Tras la guerra Franco Prusiana (1870-1871) los franceses se propusieron cartografiar todo lo cartografiable en Europa y con tal afán llegaron a los Picos de Europa. El conde de Saint Saud lideraba las expediciones para coronar las principales cumbres del lugar con excepción de una que aún se les resistía: el Naranjo de Bulnes (2.519 metros).
"Yo que me considero un patriota, ¿voy a dejar que los franceses suban la cima más mítica?" recita Luis Aurelio parafraseando a Pedro Pidal, marqués de Villaviciosa y diputado a Cortes, gran cazador y, sobre todo, gran enamorado del lugar. En compañía de Gregorio Pérez 'El Cainejo' corona el implacable Urriellu en 1904 y empieza a interesarse por el valor turístico de los Picos de Europa, hasta la fecha: su "cazadero favorito de rebecos".
Viaja a EE. UU. para conocer los pioneros parques de Yellowstone y Yosemite y vuelve con la certeza de hacer lo mismo en Picos de Europa. "Otra de las excentricidades de Pedro Pidal" escriben los diarios de la época cuando lo propone ante las Cortes, pero finalmente, el 22 de julio de 1918 se proclama el primer parque nacional en España, el de la Montaña de Covadonga, el lugar donde naturaleza e historia se unen.
Hoy cerca de 2 millones de personas acuden al año a este entorno protegido de 67.455 ha, entre Asturias, León y Cantabria. A los cien años del parque se han sumado los cien de la Coronación de la Virgen de Covadonga y los 1.300 del origen del Reino de Asturias. Y qué mejor manera que honrar la memoria de Pelayo (y Pedro Pidal) que explorar este entorno salvaje en una ruta que atraviese sus tres macizos calcáreos, entre picos de más de 2.500 metros, bosques sombríos, veredas de pastores, idílicos lagos y prados alpinos, para terminar en el lugar donde empezó todo: Covadonga.
Sobre el mapa trazaremos nuestro itinerario tomando como referencia la Ruta de la Reconquista (GR-202), que siguieron las tropas musulmanas hasta su derrota final bajo el monte Auseva. Pero la moldearemos a nuestro gusto con la ayuda de Fernando Ruiz, guía de montaña que organiza desde hace más de 30 años expediciones de toda índole por el parque.
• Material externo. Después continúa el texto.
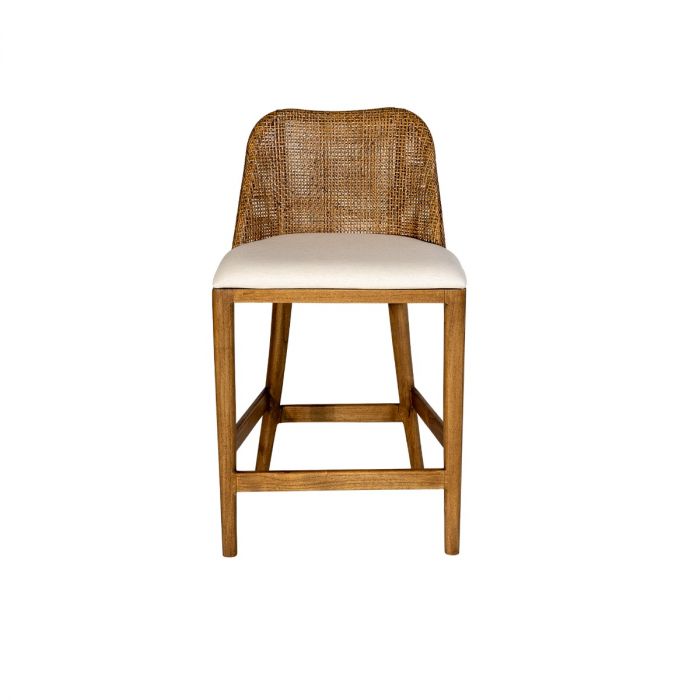 Tampa Stool - Mango Teak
Nos recibe en Avín (Cangas de Onís) en su 'Casa de la Montaña', un coqueto albergue donde planeamos nuestra travesía en tres etapas.
Importante: ir siempre bien equipado con botas, agua, ropa de abrigo e impermeable (por si las moscas), mapa y brújula para domar la agresiva orografía y el clima cambiante, consultar la meteorología, y…¡disfrutar! que para eso hemos venido.
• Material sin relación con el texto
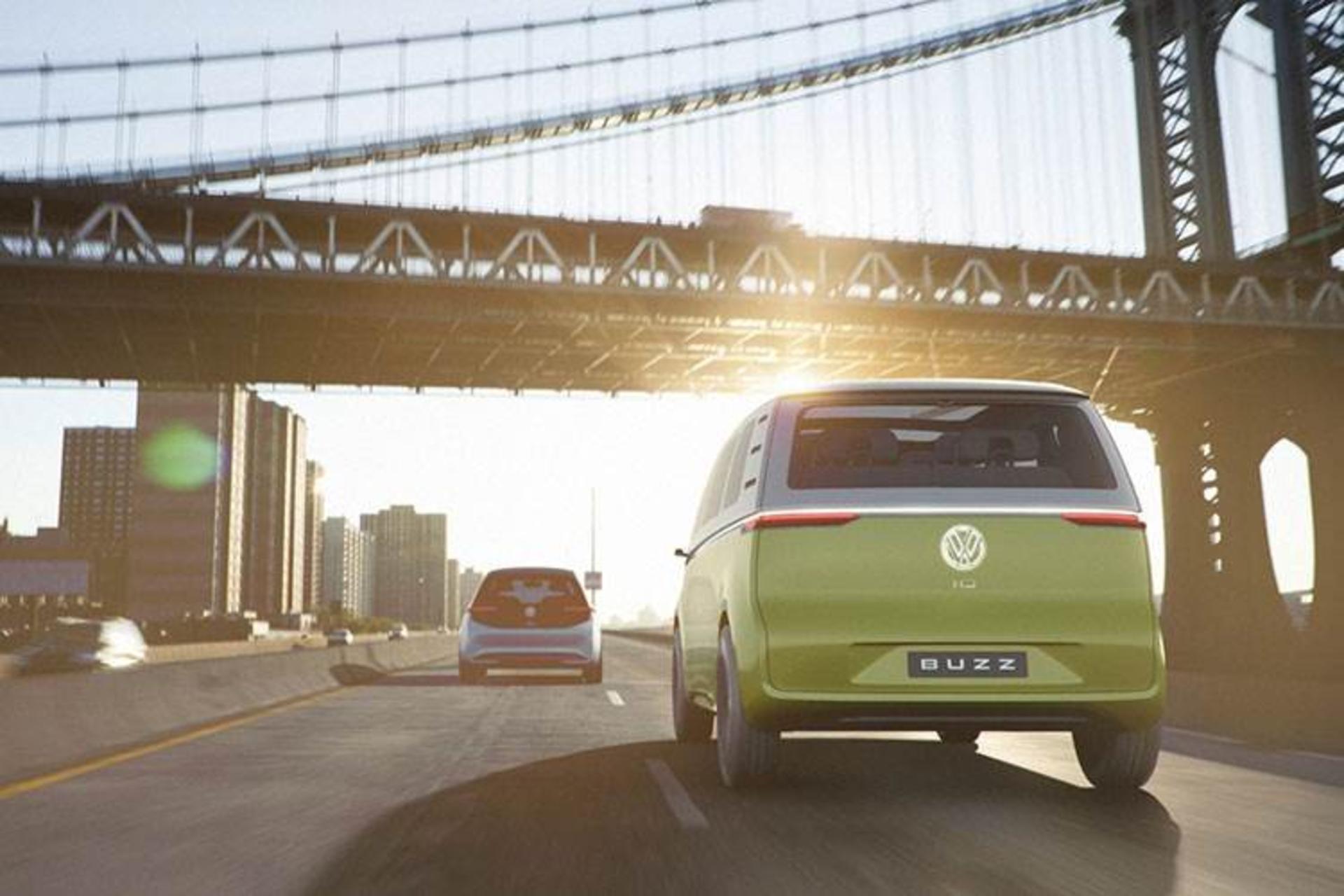 Volkswagen I.D. buzz / فولکس واگن آی.دی باز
La única forma de descubrir Picos es fundirse con su entorno y con esa idea partimos rumbo a Sotres, en el concejo de Cabrales. En la Tiendina de Raquel, preguntamos por los famosos quesos de Gamonéu o de Cabrales, entre un amplio surtido de artículos y productos típicos de la zona. Nos encontramos en el pueblo a mayor altitud (1.050 metros) de Asturias, situado a las puertas de macizo oriental y a media hora por la retorcida y empinada carretera (CA-1) desde Las Arenas.
"Solo llegan los intrépidos aquí", nos alienta Raquel justo antes de que volvamos a la carretera, que no tarda en convertirse en una rugosa pista repleta de vacas casinas y cabras hacia el collado de Pandébano. Cruzamos por las cabañas invernales de Sotres, solo habitadas por ovejas y pastores como Baltasar, que vigila a las suyas desde la choza de piedra con el mastín durmiendo a sus pies. Un corderito nos viene a saludar. Qué idílico todo.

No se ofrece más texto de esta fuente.